Life is Beautiful - Oscar-winning movie

Roberto Benigni masterpiece released in Italy

Life is Beautiful is remembered as a modern cinematic masterpiece
Life is Beautiful is remembered as
a modern cinematic masterpiece
The triple Oscar-winning movie La Vita è Bella, which became better known by its English title Life is Beautiful, made its debut in front of Italian cinema audiences on this day in 1997.

Co-written, directed and starring the Tuscany-born actor Roberto Benigni, the film was released in the United States in October 1998 and in the United Kingdom in February 1999. 

At the Academy Awards in March 1999, it received nominations in seven categories, winning three of them, including Best Actor for Benigni, who joined Anna Magnani and Sophia Loren as the only Italians to win Oscars in the two leading actor categories.

Life is Beautiful, which played to English-language audiences in the original Italian but with English subtitles, also picked up the Oscar for Best Foreign Language Film, while composer Nicola Piovani won for Best Original Score.

In total, the film won 22 awards at film festivals around the world, including the Grand Prix at the Cannes Film Festival, a BAFTA for Benigni as Best Actor in a Leading Role, and no fewer than nine David di Donatello awards, considered to be the Italian equivalent of the Oscars.

These included Best Cinematography for Tonino Delli Colli, his fourth David di Donatello in a career spanning more than 50 years that saw him work extensively with the writer and director Pier Paolo Pasolini as well as Sergio Leone, Federico Fellini and many other greats of Italian cinema history.

Life is Beautiful was marketed as a comedy-drama, although as the story of an Italian-Jewish bookshop owner in Arezzo seized and taken to a concentration camp by the Nazis, along with his wife and four-year-old son, its subject matter is hardly light-hearted.


The comedy is created by the sense of fun and jollity in Benigni’s character, Guido, as he woos his future wife, Dora - played by Nicoletta Braschi, who is married to Benigni in real life - during the first part of the story.

Roberto Benigni's comic acting talent came to the fore in his portrayal of Guido
Roberto Benigni's comic acting talent came
to the fore in his portrayal of Guido
It is Guido’s sense of humour that underpins the drama of the second part of the film, that follows the Nazi occupation of northern Italy and forced deportations, in which Guido goes to extraordinary lengths to shield his son, Giosuè, portrayed by Giorgio Cantarini, from the true horror that confronts them.  

Guido somehow convinces Giosuè that their stay at the camp is actually a complicated game in which he must perform different tasks, earning points in the process, and that the first to reach 1,000 points wins the prize of a tank.
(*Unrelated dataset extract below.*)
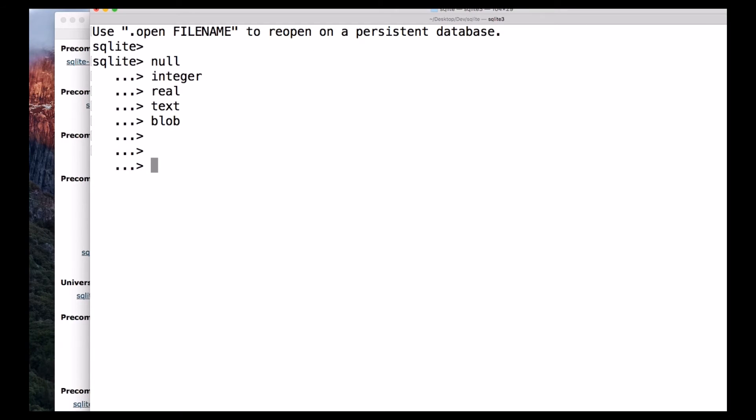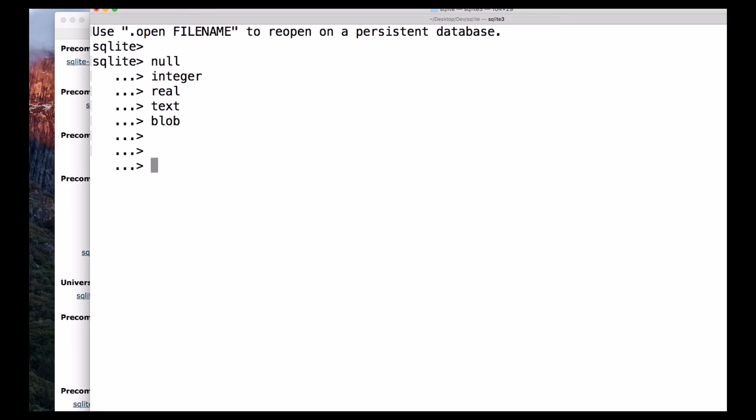Date and time data type. SQLite doesn't provide a separate storage class for storing dates and times. But SQLite is capable of storing dates and times in the form of text, real, or integer values. For example, we can store the date and time in text by using the format something like year, followed by month, followed by date.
He is told that if he cries, pines for his mother - who is forced to stay in another part of the camp - or says that he is hungry, he will lose points, while quiet boys who hide from the guards earn extra points.

He manages to maintain the pretence for his son’s sake almost to the point of liberation by the Allies, with Giosuè believing that the Sherman tank that leads a unit of American soldiers into the camp to free the prisoners is the prize his father promised he would win.

Despite its difficult storyline, Life is Beautiful was enormously successful, winning public acclaim as well as the approval of critics. Produced on a budget of €12.8 million (approx $15 million, £11 million), it achieved gross earnings of $230.1 million (€196 million, £173 million), which made it one of the highest grossing foreign language films in cinema history.

Nicoletta Braschi starred opposite her husband
Nicoletta Braschi starred
opposite her husband
Benigni, whose co-author was the highly respected screenwriter Vincenzo Cerami, says the film was partially inspired by the book In the End, I Beat Hitler, a memoir suffused with dark humour by Italian Auschwitz survivor Rubino Romeo Salmonì, and by the experiences of Benigni's own father, who spent two years in the Bergen-Belsen concentration camp during World War II.

He reportedly based the names of the protagonists on Dora De Giovanni and Guido Vittoriano Basile, the aunt and uncle of Nicoletta Braschi. Guido was arrested for anti-fascist activities during World War II and subsequently died in the Mauthausen concentration camp.

Benigni, the first to win the Oscar for Best Actor with a performance in a foreign language, became almost a national hero in Italy, his own exuberance at the Academy Awards ceremony, where he climbed over the back of seats to receive the award on stage from screen icon Loren, attracting almost as much attention as the film itself.

In the context of Italian cinema history, Life is Beautiful has been placed by some commentators alongside Vittorio De Sica’s 1948 neorealist classic Bicycle Thieves and Fellini’s 1960 masterpiece La dolce vita among films that have reshaped international perceptions of Italian big-screen artistry.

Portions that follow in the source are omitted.